Minister for National Development and Second Minister for Finance Lawrence Wong attends the Underground: Singapore’s Next Frontier exhibition at The URA Centre, on May 30, 2018.

[SINGAPORE] A new underground power station is being planned which could produce enough electricity to supply the Labrador area.

It will form part of a nationwide push to use more subterranean space in Singapore.

The 230kV station will be located at the former Pasir Panjang Power District, below a new commercial building, and is scheduled to be ready by 2025.

Built by power company SP Group it will be Singapore's largest underground substation and free up about 3ha of land at the site - equal to about four football fields.

Details were revealed in a speech by Minister for National Development Lawrence Wong, who was guest of honour at the opening of an exhibition on underground spaces on Wednesday (May 30). No details on the project's cost were given.

He also announced that the Singapore Land Authority will launch its Integrated Land Information Service (Inlis) online later this year.

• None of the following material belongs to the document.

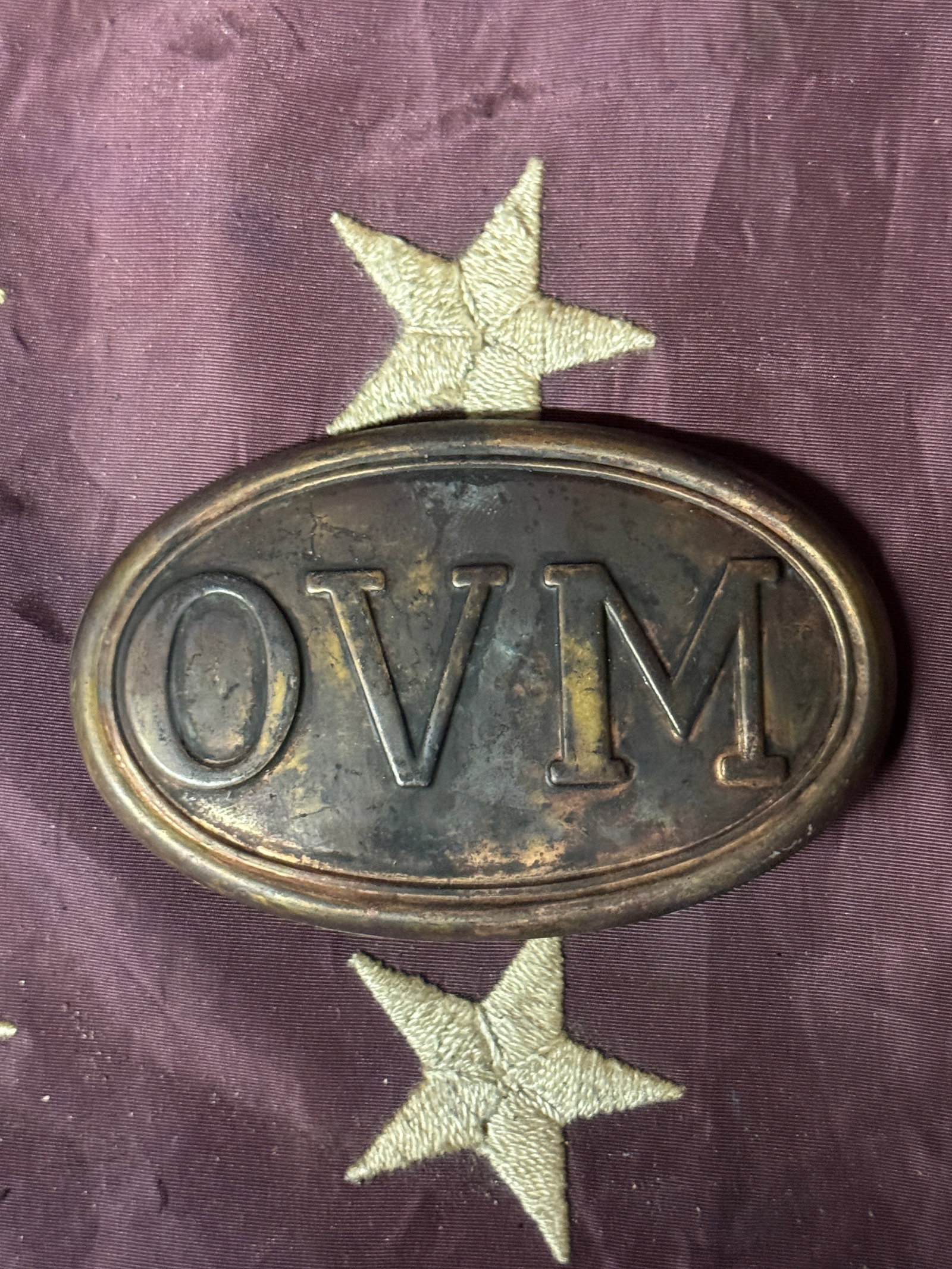CIVIL WAR "OVM" OHIO VOLUNTEERS MILITIA BELT BUCKLE: CIVIL WAR "OVM" OHIO VOLUNTEERS MILITIA BELT BUCKLE. SHOWS GOOD WEAR AND USE WITH A BEAUTIFUL OVERALL PATINA. HAS A GREAT LOOK TO IT WITH AN EXCELLENT OVERALL EYE APPEAL. A RARE FIND AND AN EXCELLENT 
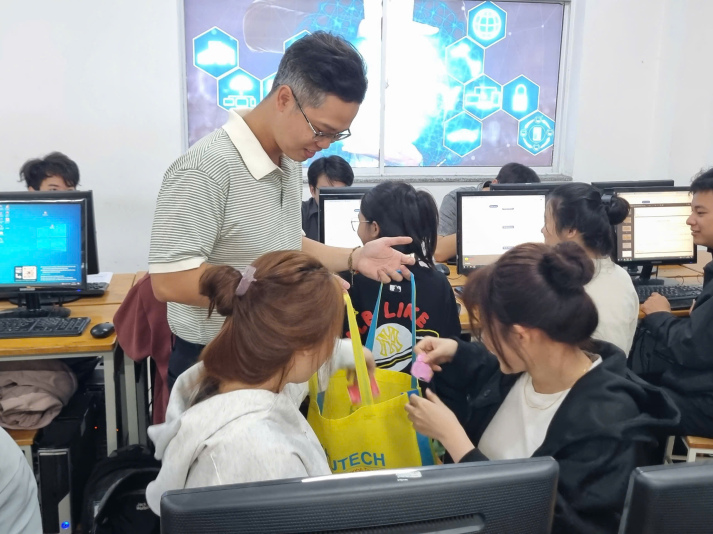 MIB Rộn Ràng Kỷ Niệm Ngày Quốc Tế Phụ Nữ 8/3: Trao Yêu Thương, Gửi Ngàn Lời Chúc 12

The website will provide consolidated information for underground planning and allow industry players, such as construction companies, to purchase utility plans. Currently these have to be purchased from different providers.

If these are overlooked it can lead to blackouts and burst pipelines during construction.

Meanwhile, while detailing other plans for subterranean development, Mr Wong stressed: "Let me be very clear that there is no intention of putting residential homes underground.

"Instead our priority is to locate supporting infrastructure underground, and this means utilities, storage facilities and transport infrastructure."

Mr Chong Kee Sen, former president of the Institution of Engineers, said: "By putting utilities underground, we free up ground spaces which can be used for parks and social amenities... it is going to cost a little bit more, but it depends on the value of the land you are freeing up. If this (value) is significant, it will balance the construction costs underground."

He cited the soft, undulating soil in Singapore as a possible challenge, but believes the engineers here can deal with it.

Next year, a 3D underground masterplan by the Urban Redevelopment Authority will unveil pilot areas and their potential uses.

Admission to the exhibition at the URA Centre atrium - called Underground: Singapore's Next Frontier - is free and it is open until June 29.